But these details alone would provide sufficient material for a substantial work in which one could weigh the advantages and shortcomings of every kind of government relative to the rights of the state of nature. One could expose all the guises that inequality has assumed to this day and might continue to assume throughout the centuries, according to the nature of these governments and the revolutions that time must necessarily bring about in them. One would see the multitude oppressed from within as a result of the precautions it had taken to guard itself against outside menaces. One would see oppression constantly grow without the oppressed ever knowing where it might stop, or what lawful means they might have left to halt its progress.

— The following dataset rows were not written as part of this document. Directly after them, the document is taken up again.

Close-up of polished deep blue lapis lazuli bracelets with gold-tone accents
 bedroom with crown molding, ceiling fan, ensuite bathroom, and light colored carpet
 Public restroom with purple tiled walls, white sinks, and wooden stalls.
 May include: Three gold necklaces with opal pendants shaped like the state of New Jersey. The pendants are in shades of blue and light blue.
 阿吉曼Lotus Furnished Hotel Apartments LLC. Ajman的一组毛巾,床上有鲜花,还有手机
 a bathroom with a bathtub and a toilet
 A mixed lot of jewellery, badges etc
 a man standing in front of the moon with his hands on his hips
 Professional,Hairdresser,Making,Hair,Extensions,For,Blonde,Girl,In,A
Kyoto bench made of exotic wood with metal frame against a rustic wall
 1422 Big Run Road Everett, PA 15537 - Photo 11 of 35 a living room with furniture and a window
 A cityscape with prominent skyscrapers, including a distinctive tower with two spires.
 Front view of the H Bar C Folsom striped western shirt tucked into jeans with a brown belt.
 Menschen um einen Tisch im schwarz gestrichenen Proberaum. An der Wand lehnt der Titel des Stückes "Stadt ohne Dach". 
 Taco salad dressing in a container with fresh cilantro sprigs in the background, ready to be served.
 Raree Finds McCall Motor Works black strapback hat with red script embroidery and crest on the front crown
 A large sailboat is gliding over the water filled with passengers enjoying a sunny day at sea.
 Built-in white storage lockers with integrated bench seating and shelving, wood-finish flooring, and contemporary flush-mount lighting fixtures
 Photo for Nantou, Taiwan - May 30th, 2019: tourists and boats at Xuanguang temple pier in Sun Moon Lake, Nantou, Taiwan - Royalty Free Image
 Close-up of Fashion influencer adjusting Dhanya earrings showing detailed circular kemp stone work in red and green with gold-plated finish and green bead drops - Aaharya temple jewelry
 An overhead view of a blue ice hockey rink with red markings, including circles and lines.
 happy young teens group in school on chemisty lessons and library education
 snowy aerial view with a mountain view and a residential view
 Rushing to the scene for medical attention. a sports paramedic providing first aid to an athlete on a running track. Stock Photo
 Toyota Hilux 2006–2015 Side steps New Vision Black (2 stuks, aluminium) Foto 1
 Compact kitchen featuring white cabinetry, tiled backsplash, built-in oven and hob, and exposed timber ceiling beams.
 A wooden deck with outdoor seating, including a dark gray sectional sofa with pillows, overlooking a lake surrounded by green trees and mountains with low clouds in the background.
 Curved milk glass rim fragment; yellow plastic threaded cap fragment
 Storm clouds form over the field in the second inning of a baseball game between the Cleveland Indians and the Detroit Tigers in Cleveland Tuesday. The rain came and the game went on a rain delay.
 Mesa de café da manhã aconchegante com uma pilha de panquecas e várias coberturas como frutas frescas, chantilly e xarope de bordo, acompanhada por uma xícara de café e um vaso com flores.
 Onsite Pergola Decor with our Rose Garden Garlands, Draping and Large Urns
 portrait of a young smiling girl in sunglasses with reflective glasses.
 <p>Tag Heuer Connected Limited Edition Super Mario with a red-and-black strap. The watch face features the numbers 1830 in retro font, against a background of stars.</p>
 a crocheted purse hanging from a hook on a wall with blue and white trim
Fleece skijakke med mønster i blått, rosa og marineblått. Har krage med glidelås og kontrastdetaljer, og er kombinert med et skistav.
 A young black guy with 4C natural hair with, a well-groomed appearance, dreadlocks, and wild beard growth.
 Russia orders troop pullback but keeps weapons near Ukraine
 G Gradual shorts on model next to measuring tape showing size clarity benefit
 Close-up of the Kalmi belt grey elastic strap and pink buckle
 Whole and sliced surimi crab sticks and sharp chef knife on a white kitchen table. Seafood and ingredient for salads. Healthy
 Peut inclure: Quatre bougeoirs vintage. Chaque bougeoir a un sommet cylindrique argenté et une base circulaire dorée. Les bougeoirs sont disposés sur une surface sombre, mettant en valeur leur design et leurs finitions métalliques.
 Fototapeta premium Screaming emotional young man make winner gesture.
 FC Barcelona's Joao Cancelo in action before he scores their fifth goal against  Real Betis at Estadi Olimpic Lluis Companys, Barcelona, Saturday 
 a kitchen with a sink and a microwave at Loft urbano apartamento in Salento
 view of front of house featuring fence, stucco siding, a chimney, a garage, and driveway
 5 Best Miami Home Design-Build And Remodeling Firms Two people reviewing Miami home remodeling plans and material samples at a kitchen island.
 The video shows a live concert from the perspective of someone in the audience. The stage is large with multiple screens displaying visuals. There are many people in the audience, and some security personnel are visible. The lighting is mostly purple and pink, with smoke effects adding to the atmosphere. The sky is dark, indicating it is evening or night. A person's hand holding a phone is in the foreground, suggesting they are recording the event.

One would see the rights of citizens and national liberty gradually dwindle, and the protests of the weak treated as seditious murmurings. One would see politics confine the honor of defending the common cause to a mercenary section of the people, making levies and tariffs necessary, the disheartened farmer abandoning his field even in times of peace, and laying down his plow to take up the sword. One would see the rise of bizarre and baneful rules concerning the code of honor. One would see defenders of their nation sooner or later become the nation’s enemies, forever raising their swords against their fellow citizens, and the time would come when one would hear them say to their country’s oppressor:
Pectore si fratris gladium juguloque parentis Condere me jubeas, gravidoeque in viscera partu Conjugis, in vita peragam tamen omnia dextra.42
From the extreme inequality of conditions and fortunes, from the diversity of passions and talents, from useless crafts, pernicious skills, and frivolous sciences, countless prejudices would arise that are equally contrary to reason, happiness, and virtue. One would see leaders divide men who have joined forces, stirring up anything that might weaken them, anything that might give society an air of apparent harmony while sowing the seeds of real division; anything that can inspire the different social orders to mutual distrust and hatred by pitching their rights and interests against those of others, and consequently strengthening the power that restrains them all.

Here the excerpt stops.